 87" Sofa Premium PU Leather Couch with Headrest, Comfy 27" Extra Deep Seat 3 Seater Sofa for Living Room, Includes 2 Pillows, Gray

* * *

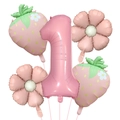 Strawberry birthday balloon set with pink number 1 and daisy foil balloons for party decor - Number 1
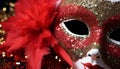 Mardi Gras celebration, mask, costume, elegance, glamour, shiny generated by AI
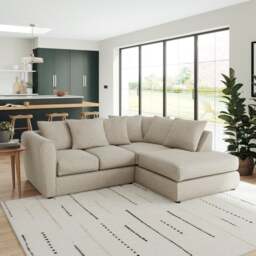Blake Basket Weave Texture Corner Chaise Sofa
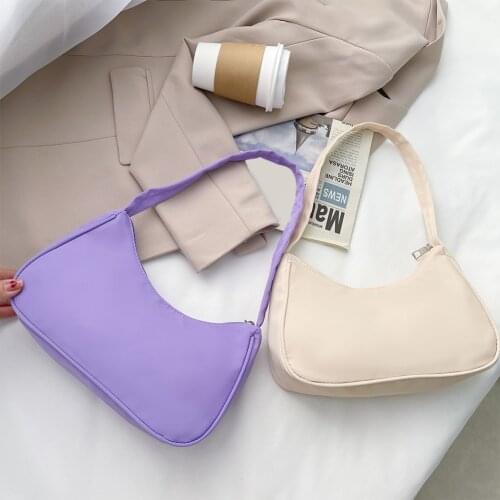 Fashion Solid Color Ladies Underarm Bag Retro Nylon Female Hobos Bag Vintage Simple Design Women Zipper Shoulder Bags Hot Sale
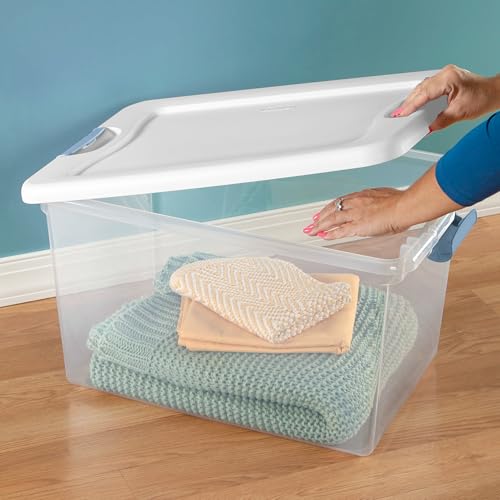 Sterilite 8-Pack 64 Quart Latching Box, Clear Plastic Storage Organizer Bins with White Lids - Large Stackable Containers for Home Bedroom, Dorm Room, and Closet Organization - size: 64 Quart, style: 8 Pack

▶ **BRIEF**
Between and including the line with "Strawberry birthday balloon" and the line with "Blake Basket Weave Texture Corner Chaise Sofa", repeat every line exactly as it appears above, with pictures left out.

▶ **ANSWER BOX**
 Strawberry birthday balloon set with pink number 1 and daisy foil balloons for party decor - Number 1
 Mardi Gras celebration, mask, costume, elegance, glamour, shiny generated by AI
Blake Basket Weave Texture Corner Chaise Sofa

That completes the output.